Data listing Block Start

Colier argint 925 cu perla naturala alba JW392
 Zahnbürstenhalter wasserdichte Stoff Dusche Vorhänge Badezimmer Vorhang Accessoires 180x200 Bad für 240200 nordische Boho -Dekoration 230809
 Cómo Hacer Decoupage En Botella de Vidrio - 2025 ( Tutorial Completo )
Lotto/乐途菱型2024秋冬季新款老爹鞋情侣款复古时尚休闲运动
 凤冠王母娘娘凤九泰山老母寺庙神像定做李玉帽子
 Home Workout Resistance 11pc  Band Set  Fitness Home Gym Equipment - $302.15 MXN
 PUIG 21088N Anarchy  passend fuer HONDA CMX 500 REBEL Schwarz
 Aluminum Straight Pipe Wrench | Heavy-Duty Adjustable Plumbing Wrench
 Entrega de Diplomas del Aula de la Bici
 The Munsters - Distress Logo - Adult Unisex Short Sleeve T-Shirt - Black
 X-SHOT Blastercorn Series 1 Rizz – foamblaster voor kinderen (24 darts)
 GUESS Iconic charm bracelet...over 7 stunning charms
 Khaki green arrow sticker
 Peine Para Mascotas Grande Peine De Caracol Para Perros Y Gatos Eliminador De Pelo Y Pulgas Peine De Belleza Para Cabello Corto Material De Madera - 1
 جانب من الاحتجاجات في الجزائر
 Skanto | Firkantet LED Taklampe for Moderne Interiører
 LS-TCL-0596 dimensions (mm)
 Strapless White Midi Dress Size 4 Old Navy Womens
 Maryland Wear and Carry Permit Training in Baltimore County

Data listing Block End

What is being asked → Skip all lines ahead of the one containing "Peine Para Mascotas". Reproduce that line and the remainder of the listing above exactly.

Exercise output →
 Peine Para Mascotas Grande Peine De Caracol Para Perros Y Gatos Eliminador De Pelo Y Pulgas Peine De Belleza Para Cabello Corto Material De Madera - 1
 جانب من الاحتجاجات في الجزائر
 Skanto | Firkantet LED Taklampe for Moderne Interiører
 LS-TCL-0596 dimensions (mm)
 Strapless White Midi Dress Size 4 Old Navy Womens
 Maryland Wear and Carry Permit Training in Baltimore County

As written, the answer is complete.